Pivotal Greenplum Database 4.3.3 Adds Delta Compression

October 15, 2014 Scott Kahler

featured-greenplumThe latest release of Pivotal Greenplum Database, version 4.3.3, adds a number of notable updates, including Delta Compression. This exciting update adds an additional way to compress data in a column to save space. Internal tests and customer data have demonstrated well over 100x compression on 10G worth of TIME values from a dataset.

Pivotal Greenplum DB is a Massive Parallel Processing (MPP) database, which means it spreads data over multiple nodes to harness the compute and IO power of a cluster to process petabyte scale data sets. It also embraces polymorphic storage—the ability to store data in multiple formats within one logical table. A table can have partitions that are row-oriented side by side with partitions that are column oriented. In addition to this, various compression algorithms can be applied at the table and column level.

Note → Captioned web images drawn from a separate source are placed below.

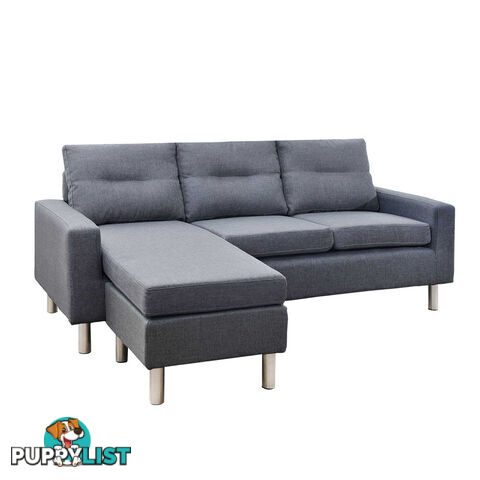 Four Seater Faux Linen Fabric Sofa with Ottoman Grey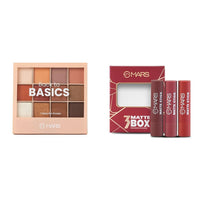 MARS 12 Shades Back to Basics Eyeshadow Palette with Free Applicator | Matte | Shimmer (14.4 gm) (Shade-02) Matte Box Set of 3 Lipsticks for Women (3x3.2 gm) (01-Red & Maroon)
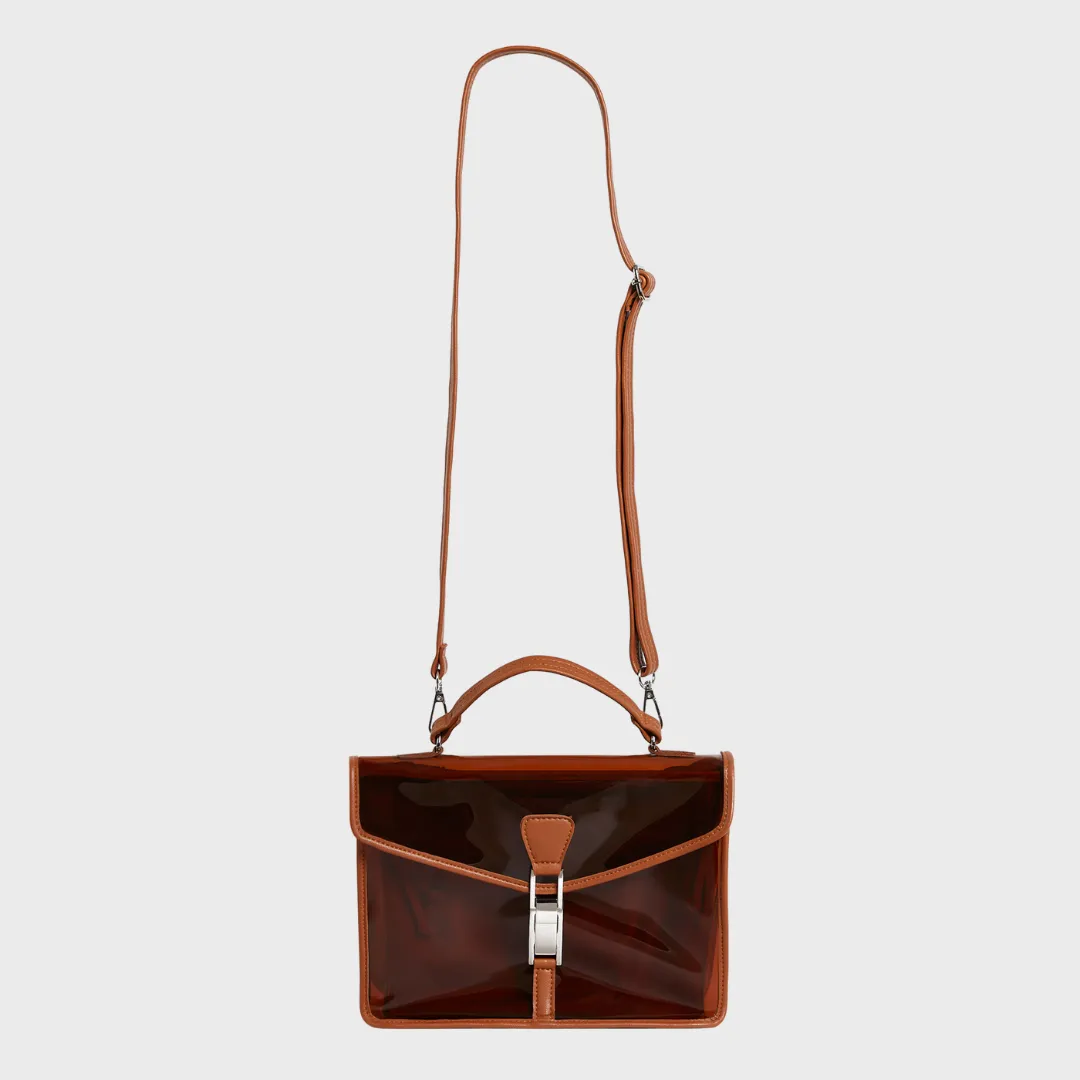 SOPHIE PVC SLING BAG AMBER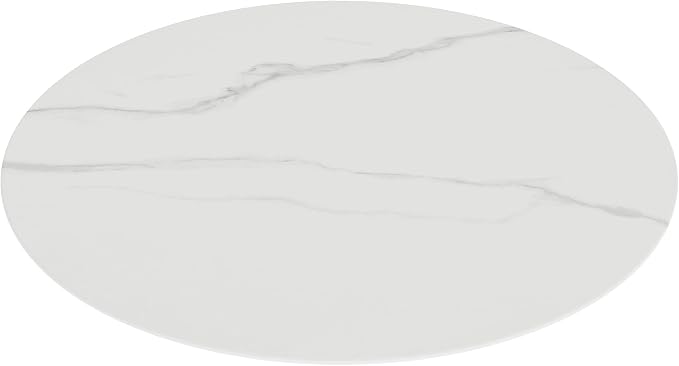 28" Round Tempered Glass Table Top, Marble Glass Surface Protector Heat & Scratch Resistant Multipurpose for Dining, Coffee, Restaurant, Office and End Table (White Marble Pattern, 28 Inch)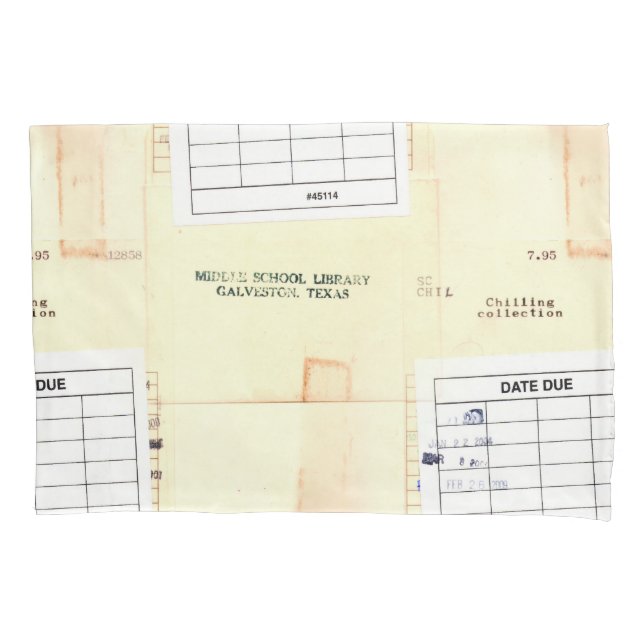 Funda De Cojín Tarjeta de vencimiento de libro de biblioteca retr (Anverso)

For example, the latest three months of data in the table can be row-oriented, the next three months columnar and uncompressed, and the following three or more months columnar with compression. As far as the end user is concerned, all data are queried the same, not requiring any changes for data in different parts of the lifecycle. Polymorphic

Delta Compression adds a new approach to compression. In addition to standard lzo and zlib column compression, Pivotal Greenplum DB has been able to perform Run Length Encoding (RLE) compression for awhile now. To understand this, imagine if you had a table with dinner orders. One of those columns defines the order, and when you change from row-based to columnar, the data stored for the column will look like this: Fish, Fish, Fish, Fish, Fish, Fish. RLE compression stores that same type of data as Fish(6).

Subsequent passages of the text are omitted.